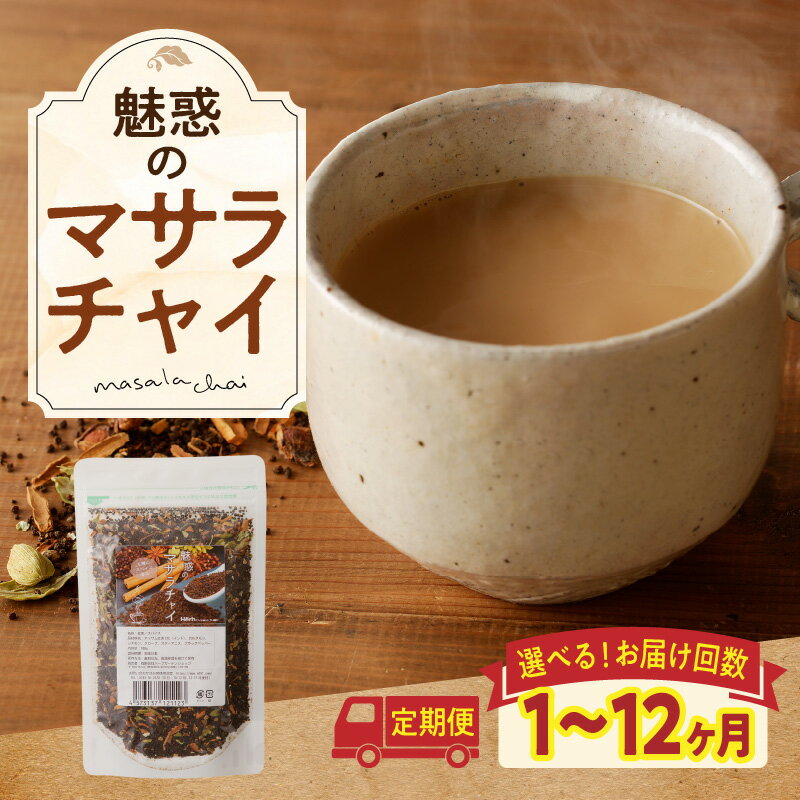 【ふるさと納税】《レビューキャンペーン》《お届け回数が選べる》魅惑のマサラチャイ 100g（約20杯分）×1袋 本格的 ブレンド茶葉 スパイス ミルクティー 紅茶 牛乳 香り 豊か インド インド気分 伝統的 ハーブ専門店 魅惑 チャイ チャイティー 簡単 奈良県 生駒市 送料無料
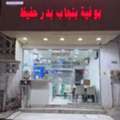 Bofiya For Rent / Thekha Available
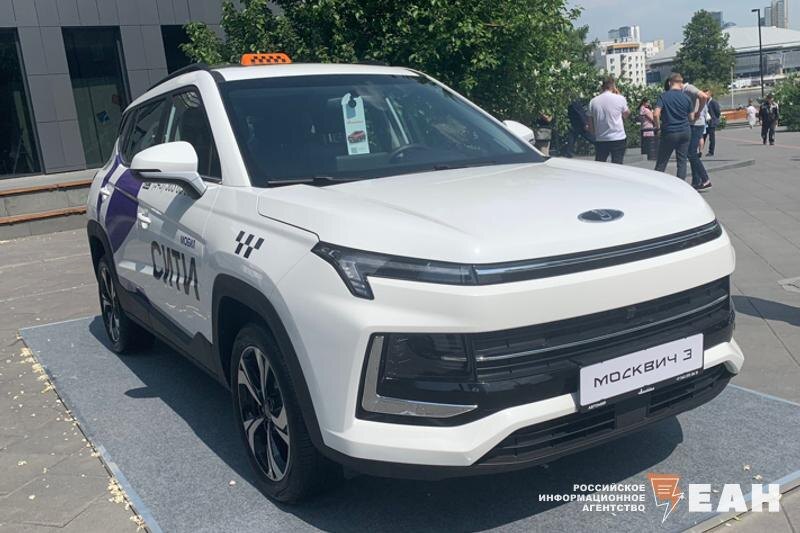    ЕАН / Архивное фото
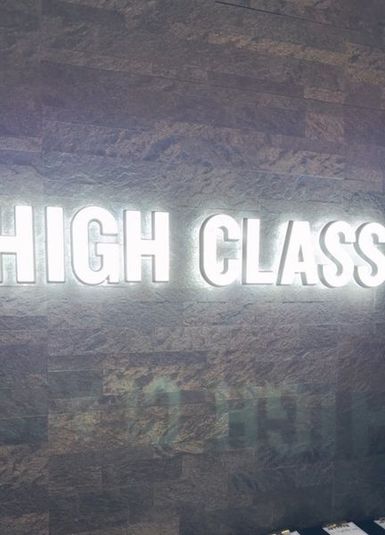 HIGH CLASS - HIGH CLASS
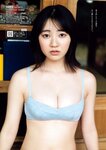 [Weekly Playboy] 2023.04.10 No.15 横野すみれ 咲田ゆな 新谷姫加 天羽希純 姫野ひなの 今森茉耶 かれしちゃん 白間美瑠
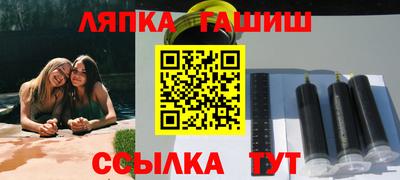 герыч Кумертау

........

• PROBLEM REQUIREMENTS: Every line above goes into the copy unchanged; the pictures do not.

• EXERCISE ANSWER:
 【ふるさと納税】《レビューキャンペーン》《お届け回数が選べる》魅惑のマサラチャイ 100g（約20杯分）×1袋 本格的 ブレンド茶葉 スパイス ミルクティー 紅茶 牛乳 香り 豊か インド インド気分 伝統的 ハーブ専門店 魅惑 チャイ チャイティー 簡単 奈良県 生駒市 送料無料
 Bofiya For Rent / Thekha Available
    ЕАН / Архивное фото
 HIGH CLASS - HIGH CLASS
 [Weekly Playboy] 2023.04.10 No.15 横野すみれ 咲田ゆな 新谷姫加 天羽希純 姫野ひなの 今森茉耶 かれしちゃん 白間美瑠
 герыч Кумертау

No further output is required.